On the other hand, Lysias, as a writer, is the mirror of Phaedra herself. Neither are available to be questioned about what they wrote.  Lysias thus is Phaedra/Artemis; the attainable mad lover/unattainable non-lover; this thus exposes Lysias for what he truly is (the wily character of Socrates' first speech "against" love).

The above two points also makes it clear that Phaedrus is Hippolytus, not Phaedra, as one would expect. In a certain sense Lysias, in his ideas of the rationality of the nonlover, is also an inverse of the Nurse, with her ideas of the rationality of love, and Socrates plays the anti-Phaedra/Hippolytus/Chorus in his affirmation of love as madness and madness as good.

Euripides' portrayal of Aphrodite is a decidedly negative one; she comes off as petty, spiteful, vengeful, and cruel. This, in combination with what Phaedra and Hippolytus say about Aphrodite/love and with the fact that Phaedra's love for Hippolytus results in both her and Hippolytus' deaths, portrays love in a negative light.

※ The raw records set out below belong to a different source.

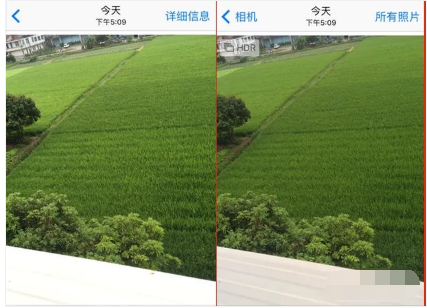 手机 手机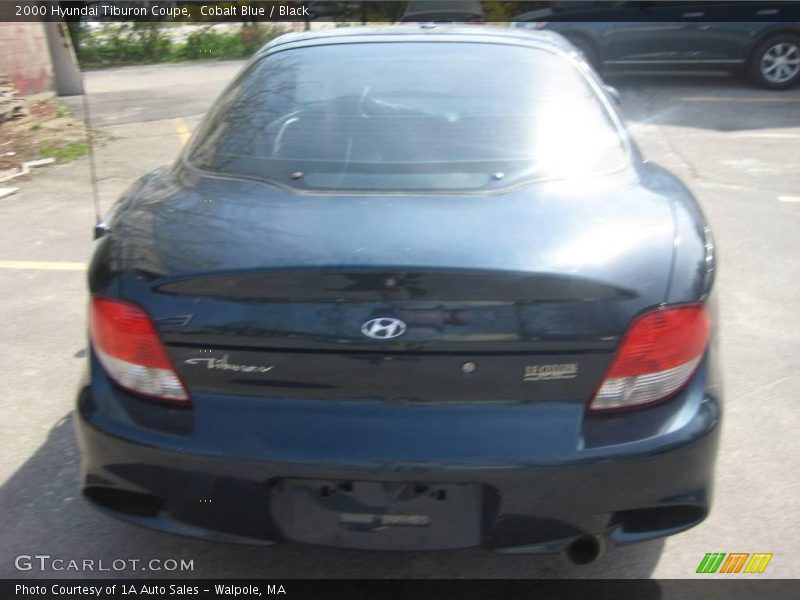 Cobalt Blue / Black 2000 Hyundai Tiburon Coupe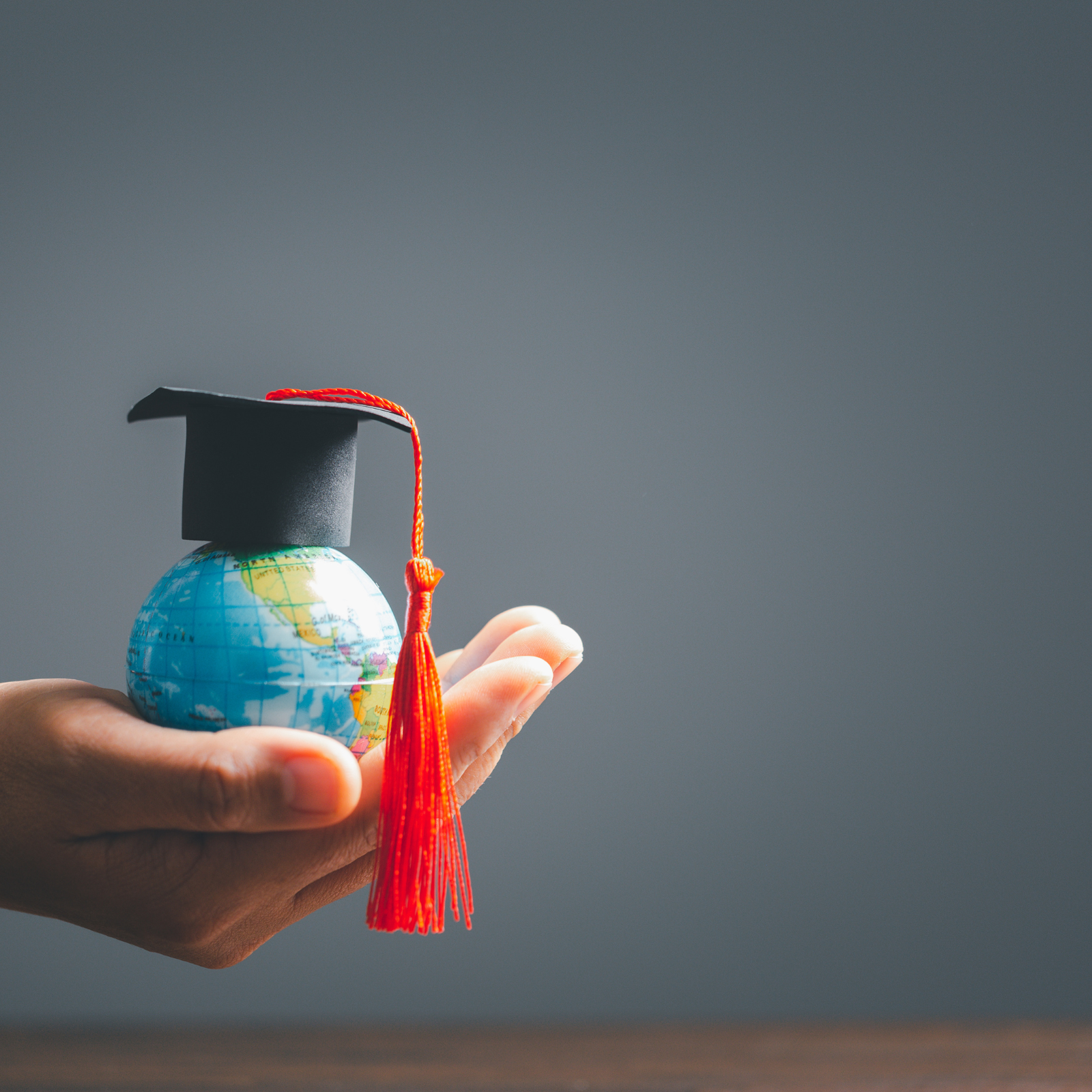 study-abroad-consultants-chennai-education-consultancy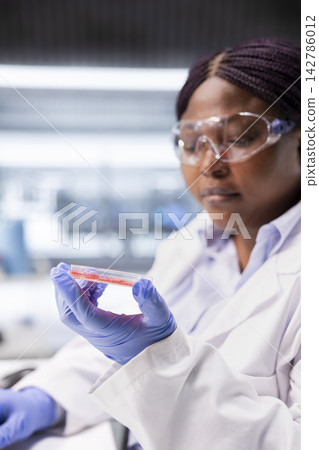 Black woman expert inspects Petri dish with magnifying glass for experiment in chemistry lab. Cellular investigation and molecular biology analysis support genetics research and advanced science. Black woman expert inspects Petri dish with magnifying glass for experiment in chemistry lab. Cellular investigation and molecular biology analysis support genetics research and advanced science. 142786012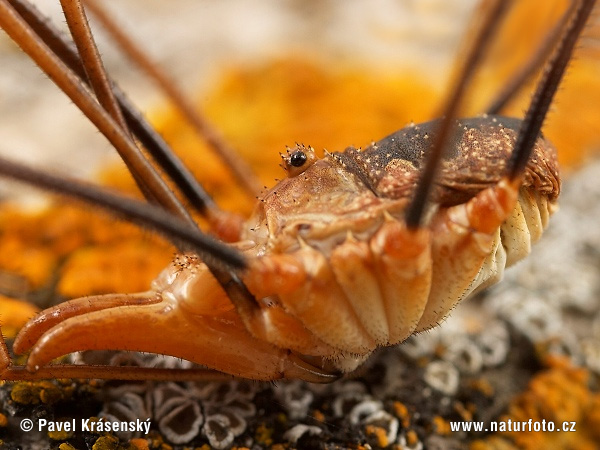 Opiliones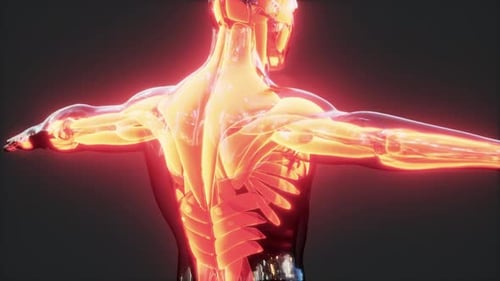 Animated 3D Human Anatomy Scan with Glowing Muscular System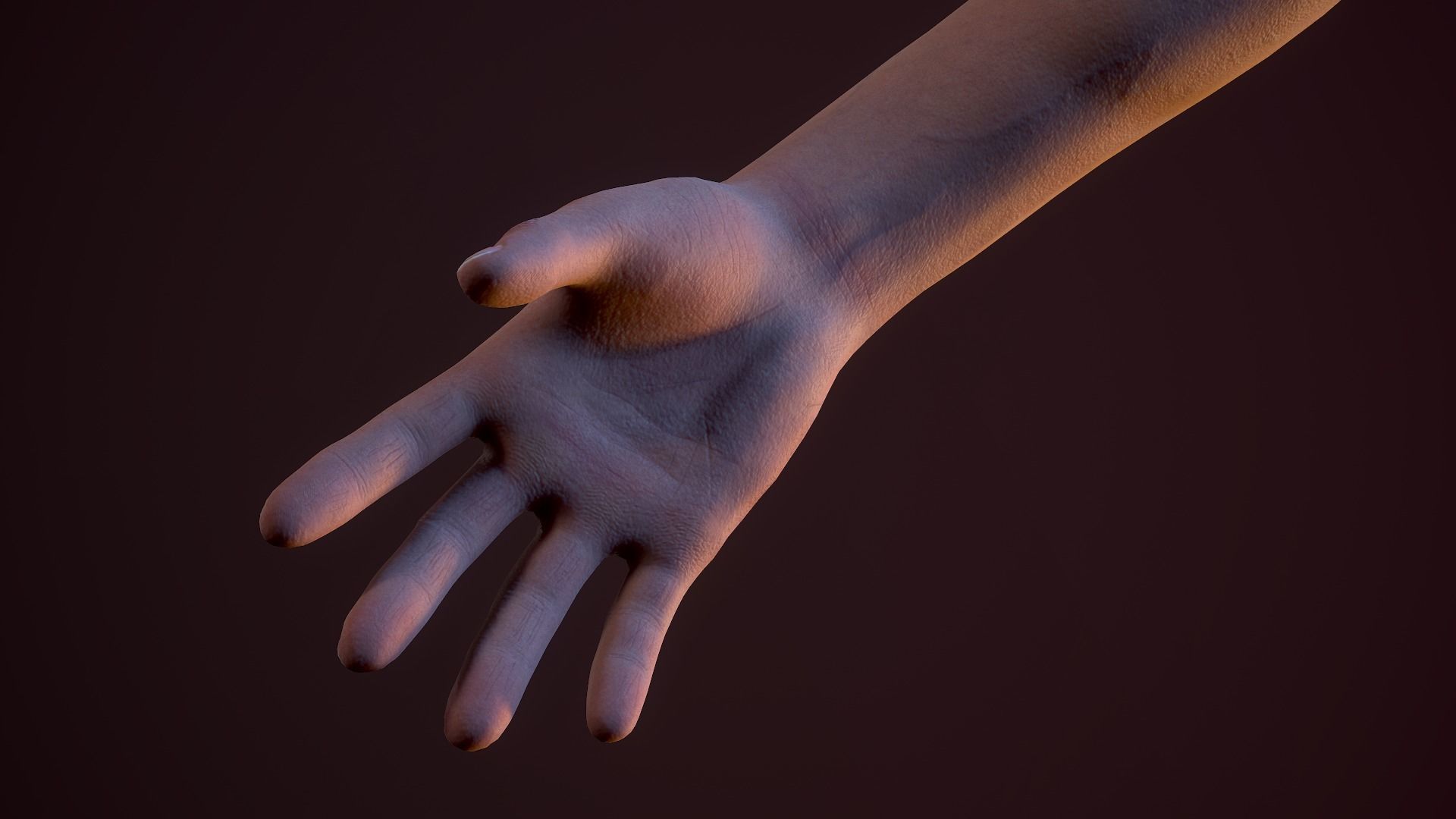 FPS First Person Arms - 03 Low-poly 3D model_12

After Socrates gives his speech in which a character argues that the nonlover is to be preferred over the lover, he expresses concern that Aphrodite will punish him for speaking ill of her (which is what she says she is punishing Hippolytus over). He also observes that Aphrodite, being a goddess, cannot be bad in any way (contradicting Euripides' portrayal of her). Socrates then gives his speech arguing love is good (thus enacting what Hippolytus should have done to make the play un-tragic).

Socrates further argues that just because love is madness, that does not mean that love is bad; there are, after all, other forms of madness which are recognized as good, including the madness of the Muses -- who would have been understood as influencing Euripides. Since Euripides is a poet, he is made mad by the Muses; it is thus ironic that he is portraying love as bad because it is a kind of madness.

If Plato's dialogue is a philosophical response to Euripides' play, then when Socrates says that his first speech and his second speech are the same speech, one can also understand this to mean that the dialogue and the play are "the same speech," but at different levels of understanding (with the poets being 4th from the bottom and philosophers being at the top, as per his ranking in the dialogue). Plato could thus be arguing that Euripides' understanding of love is accurate to his level of understanding, but that Plato's work demonstrates an understanding of love that is the most accurate a human can attain.